Friday, April 11, 2014

Love and Folly at Merrimack

Photo: Meghan Moore
Merrimack Rep's production of Lanford Wilson's Talley's Folly (through this weekend only) has by now garnered a large bouquet of critical praise. And there's a good reason why - it's a solid production, with appealing actors, and what's more, it's gorgeous: set designer Randall Parsons conjures a romantically ruined boathouse that's literally florid in its decay, and Paul Hackenmuller's lighting lovingly charts the slow steeping of twilight into night.  It's not too much to say that Merrimack has built an all-but-perfect frame for this late-70's Pulitzer Prize winner.

Nevertheless, a skeptical itch scratched at me throughout its length.  To be blunt, I'm not sure Talley's Folly is really going to last - or rather, I'm not sure that it should last; the downtown twist that Lanford Wilson gave William Inge has felt thin to me for a while now, and I don't foresee it feeling any thicker in the future. Indeed, this time around, Talley's felt more contrived than usual, and its flattery of knowing Broadway attitude a little more bald.

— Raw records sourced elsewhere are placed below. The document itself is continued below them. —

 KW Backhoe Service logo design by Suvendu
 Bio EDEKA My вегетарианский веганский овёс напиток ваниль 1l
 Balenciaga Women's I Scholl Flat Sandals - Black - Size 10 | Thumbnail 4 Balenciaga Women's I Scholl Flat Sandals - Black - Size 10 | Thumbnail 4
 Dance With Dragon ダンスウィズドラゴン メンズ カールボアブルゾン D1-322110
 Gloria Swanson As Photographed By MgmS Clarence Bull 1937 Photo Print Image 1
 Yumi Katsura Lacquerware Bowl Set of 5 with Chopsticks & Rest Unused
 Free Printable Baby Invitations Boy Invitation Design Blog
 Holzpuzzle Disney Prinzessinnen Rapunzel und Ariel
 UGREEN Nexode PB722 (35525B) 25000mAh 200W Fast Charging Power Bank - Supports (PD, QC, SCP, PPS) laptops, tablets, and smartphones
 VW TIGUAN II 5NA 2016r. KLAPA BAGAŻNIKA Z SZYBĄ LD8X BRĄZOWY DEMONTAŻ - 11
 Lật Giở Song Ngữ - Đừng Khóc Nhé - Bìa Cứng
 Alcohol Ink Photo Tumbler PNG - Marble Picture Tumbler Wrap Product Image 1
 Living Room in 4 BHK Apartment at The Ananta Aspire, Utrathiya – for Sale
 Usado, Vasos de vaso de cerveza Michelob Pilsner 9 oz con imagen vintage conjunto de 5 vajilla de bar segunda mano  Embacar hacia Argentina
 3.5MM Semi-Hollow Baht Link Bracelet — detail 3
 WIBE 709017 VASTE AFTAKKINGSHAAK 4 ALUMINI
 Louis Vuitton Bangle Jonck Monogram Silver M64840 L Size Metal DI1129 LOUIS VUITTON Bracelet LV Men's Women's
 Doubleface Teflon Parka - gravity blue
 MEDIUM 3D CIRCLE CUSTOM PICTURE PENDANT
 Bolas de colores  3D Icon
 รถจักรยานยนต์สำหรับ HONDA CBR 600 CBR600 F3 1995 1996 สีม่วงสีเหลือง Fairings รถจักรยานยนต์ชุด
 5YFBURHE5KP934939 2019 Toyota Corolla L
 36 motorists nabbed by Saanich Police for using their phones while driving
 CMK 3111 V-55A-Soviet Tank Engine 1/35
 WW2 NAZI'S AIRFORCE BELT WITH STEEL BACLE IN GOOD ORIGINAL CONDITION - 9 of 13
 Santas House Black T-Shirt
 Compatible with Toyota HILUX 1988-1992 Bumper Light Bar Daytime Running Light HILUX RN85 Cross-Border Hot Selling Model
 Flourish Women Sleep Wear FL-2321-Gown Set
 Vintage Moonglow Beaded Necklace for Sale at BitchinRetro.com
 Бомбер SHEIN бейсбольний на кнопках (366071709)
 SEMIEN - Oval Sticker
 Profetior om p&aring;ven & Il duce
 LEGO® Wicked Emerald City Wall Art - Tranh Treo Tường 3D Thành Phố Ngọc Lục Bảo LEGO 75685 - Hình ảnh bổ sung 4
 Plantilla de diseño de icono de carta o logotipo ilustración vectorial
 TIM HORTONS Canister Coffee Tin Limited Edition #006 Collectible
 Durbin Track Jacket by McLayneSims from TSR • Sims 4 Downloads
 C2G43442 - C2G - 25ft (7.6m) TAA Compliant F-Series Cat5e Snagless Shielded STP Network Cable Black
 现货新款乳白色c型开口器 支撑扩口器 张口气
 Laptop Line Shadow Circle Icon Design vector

And not because of any serious gap in the acting - indeed, this is one of those occasional cases where solid performances actually throw into relief the hollowness of the script they're supporting.  Director Kyle Fabel elicits scrupulously detailed turns from the talented Kathleen Wise and Benim Foster (above left), who carry the play as two lonely hearts who find, or finally allow themselves to find, late love amid the seeming ruins of their lives; the dynamic Foster in particular is almost over-attentive to every quirk of his character (a fish-out-of-water Jewish bachelor who has set his cap for a shiksa goddess of the South).

But I have to admit that both these artists limit themselves to interpreting their script line-by-line, when I think the success of this - well, upscale sitcom, although I know it's rude to call it that - depends on its performers bringing to the stage reserves of urgency (and fear of defeat) that Wilson hasn't really bothered to write in.  He's not big on believable context, either - his evocation of the 40's feels lifted from Life magazine, and the "South" he conjures is one long false front as seen from Central Park West.

Indeed, the author mostly just maneuvers his lonely but prickly protagonists into position for a big reveal, while padding out his 97-minute runtime (yes, it's announced from the stage) with dozens of time-killing tricks, including a pointless preamble that is actually rewound and repeated. To be fair, that big reveal is indeed poignant, and there's certainly enough material for a good one-act in the improbable alignment of these two wounded souls, who at the last minute dodge the unhappy fate that a harsh world has arranged for them. Clearly such gentle re-assurance is enough for a lot of people - it's even enough to win a Pulitzer, apparently. And perhaps there's a valuable lesson there for critics of all eras; in the end, Talley's Folly argues that real theatrical ambition may be its own form of folly.